Hof Adam 100408 ongevallenverzekering: geen objectiveerbaar letsel, vordering afgewezen,

Hof Adam 100408 ongevallenverzekering: geen objectiveerbaar letsel, vordering afgewezen,
3.1 Uit hetgeen hierboven is overwogen bij de bespreking van het deskundigenrapport, volgt dat het hof van oordeel is dat niet is komen vast te staan dat [EISER] door het ongeval van 18 januari 1998 objectiveerbaar, organisch letsel heeft opgelopen. Het gaat bij [EISER] uitsluitend om een psychogene stoornis, waarschijnlijk een conversiestoornis, waartoe het ongeval de aanleiding vormde.

3.2 Volgens [EISER] is [VERZEKERAAR] desalniettemin tot uitkering gehouden. Hij voert hiertoe primair aan dat de door de deskundigen genoemde conversiestoornis valt onder de definitie van blijvende invaliditeit in de polissen en dat het ongeval (en de daarop volgende angstgevende diagnoses van de diverse medische specialisten) heel goed deze stoornis kan hebben veroorzaakt. [EISER] betoogt dat een redelijke uitleg van de polis meebrengt dat genoemde diagnoses als "medische behandeling" in de zin van de desbetreffende polisbepalingen worden aangemerkt, zodat de gevolgen daarvan onder de dekking van de polis vallen. Subsidiair stelt [EISER] dat het in strijd is met een redelijke uitleg van de in de polissen opgenomen definities van het begrip ongeval om een eventuele persoonlijkheidsstoornis, indien deze zich na het plaatsvinden van het verzekerde evenement openbaart, aan te merken als een meewerkende oorzaak en aldus de gevolgen van die stoornis van dekking onder de polis uit te sluiten,

3.3 Het hof stelt voorop dat sprake is van een contractuele (verzekerings)relatie tussen [VERZEKERAAR] en [EISER] en dat het aan [EISER] is om aan te tonen dat [VERZEKERAAR] in de nakoming van haar verplichtingen jegens hem tekortschiet door in de gegeven omstandigheden niet uit te keren. Nu vaststaat dat [EISER] op 18 januari 1998 een ongeval is overkomen in de zin van artikel 2.4 van de Ongevallenverzekering en artikel 2.3 van de Reisverzekering, gaat het uitsluitend om de vraag of sprake is van het geheel of gedeeltelijk blijvend verlies of functieverlies van enig deel, orgaan of vermogen van het lichaam van [EISER], als gevolg van een geneeskundig vast te stellen letsel dat rechtstreeks en zonder medewerking van andere oorzaken als gevolg van dat ongeval is ontstaan.

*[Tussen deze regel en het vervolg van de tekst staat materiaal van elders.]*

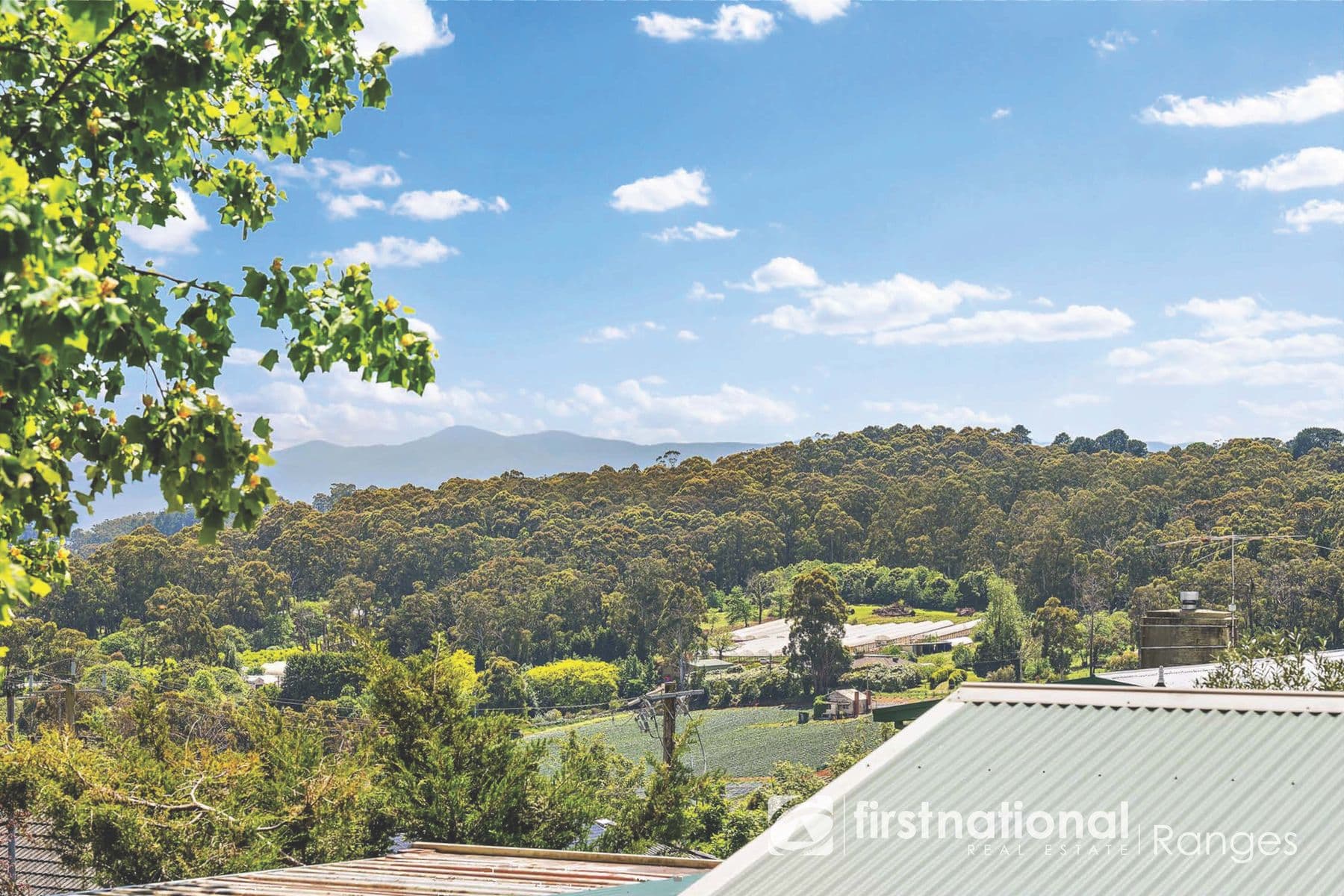 199 Monbulk Road, Silvan VIC 3795, Silvan - Thumbnail 4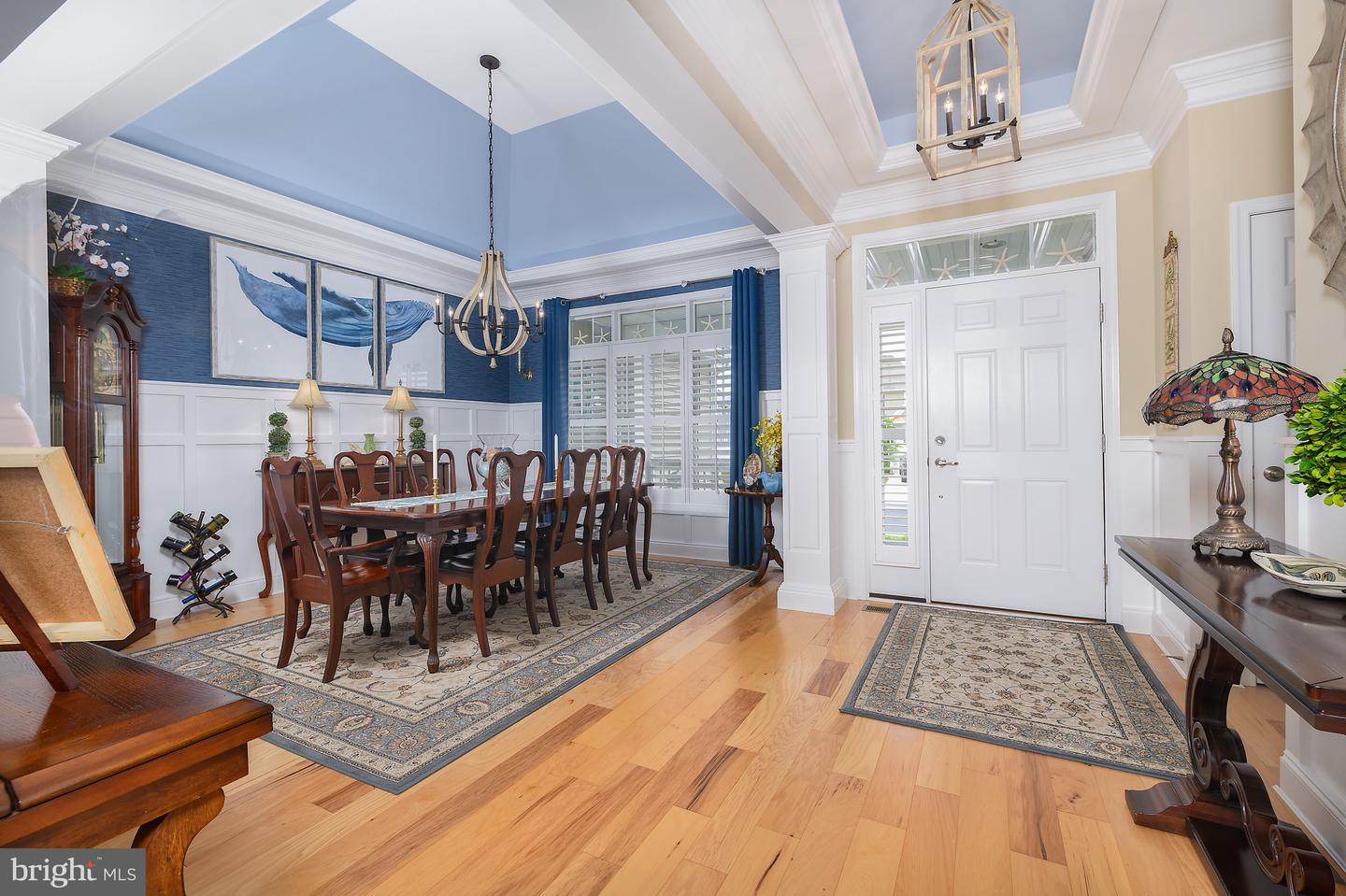 DESU2088450-803928360184-2025-06-11-16-03-28 35213 Overfalls Dr N | Lewes, DE Real Estate For Sale | MLS# Desu2088450  - Jack Lingo REALTOR
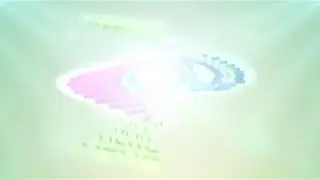 434 v1 c2  - Clean Elegant Logo Reveal any BG colors scheme intro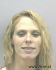 Jessica Ruble Arrest Mugshot NCRJ 12/24/2013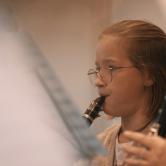 Répétition 08 11 2022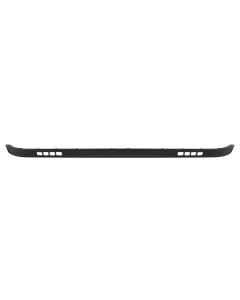 Bumperspoiler voor RENAULT CLIO II 2001-2005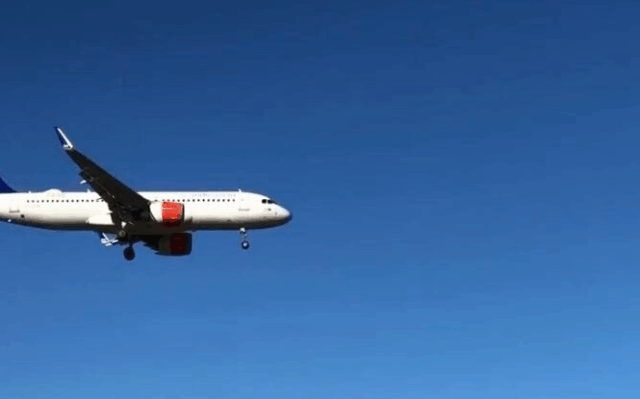 Hel familie død under ferie: Foruroligende årsag fundet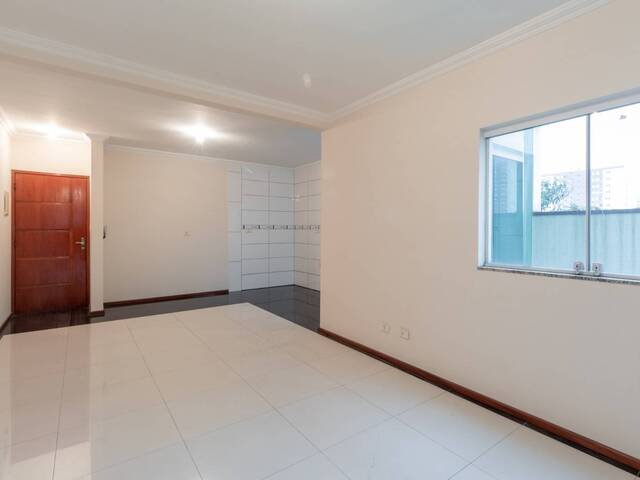 #AP1767 - Apartamento para Venda em Santo André - SP - 2
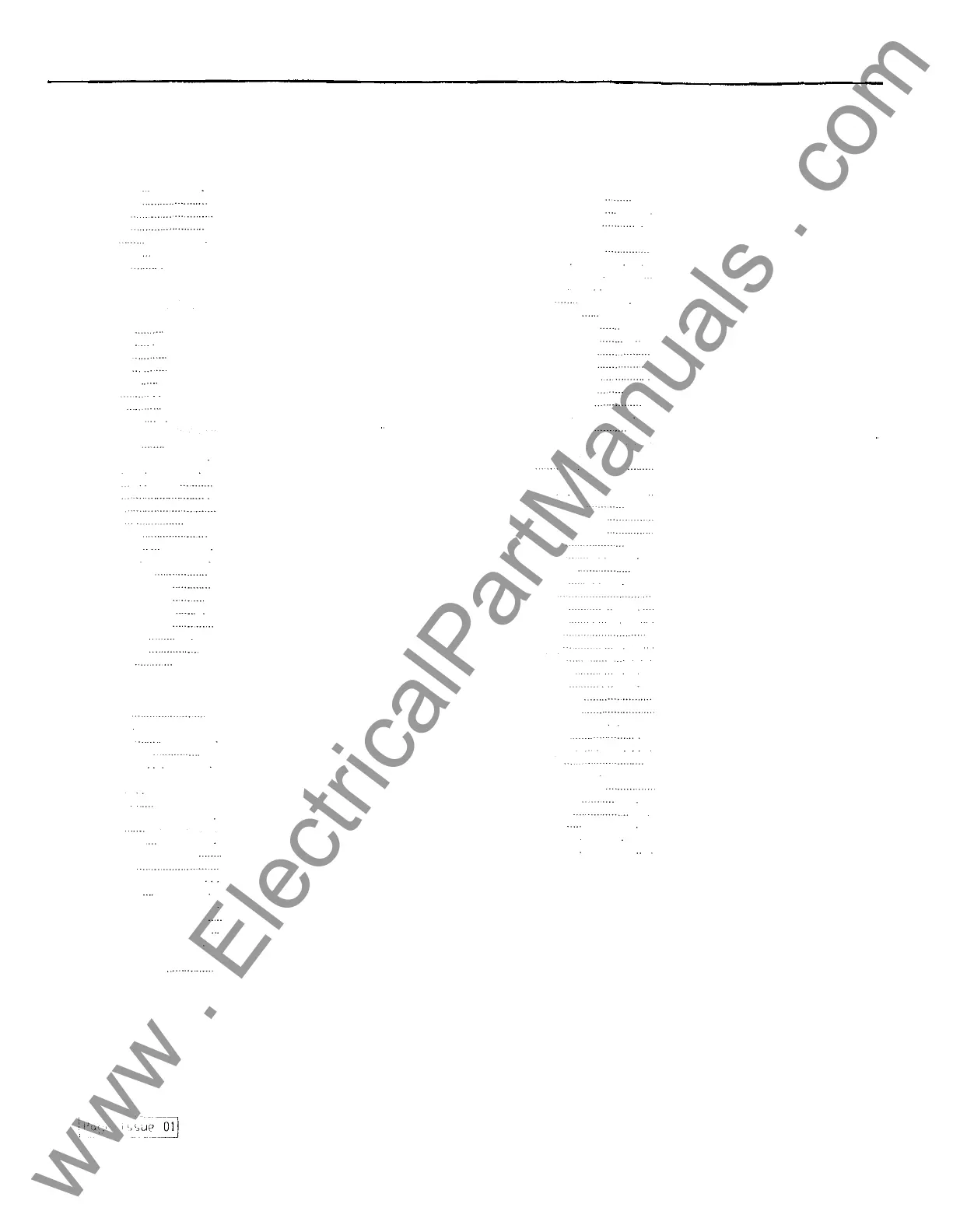 Page #69 background image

3.4 Die vraag beantwoordt het hof ontkennend, ook indien geen sprake is van simulatie maar van een conversiestoornis. In de feiten noch in de beschouwingen en conclusies van de door het hof benoemde deskundigen is een aanknopingspunt te vinden voor de veronderstelling dat het ongeval, of het daarbij ontstane letsel in de vorm van licht traumatisch schedel-/hersenletsel, rechtstreeks heeft geleid tot de conversiestoornis. Uit het deskundigenrapport valt veeleer af te leiden dat de stoornis zijn oorsprong vindt in de persoon van [EISER] en in de gebeurtenissen die na het ongeval hebben plaatsgevonden (de medische onderzoeken) . In het rapport wordt gewezen op de omstandigheid dat bij het allereerste neurologisch onderzoek, dat vijf en een halve week na het ongeval is uitgevoerd, geen neurologische afwijkingen zijn geconstateerd, doch dat zich bij [EISER] pas in de loop der tijd allerhande klachten zijn gaan ontwikkelen. Bij de talloze elkaar opvolgende medische onderzoeken zijn door de diverse onderzoekers vele bijzondere bevindingen gedaan, maar deze dienen volgens de deskundigen alle als passend bij psychogene stoornissen te worden gekwalificeerd. De deskundigen wijzen erop dat die diagnoses ongetwijfeld op [EISER], gedeeltelijk medisch onderlegd als hij is, diepe indruk hebben gemaakt.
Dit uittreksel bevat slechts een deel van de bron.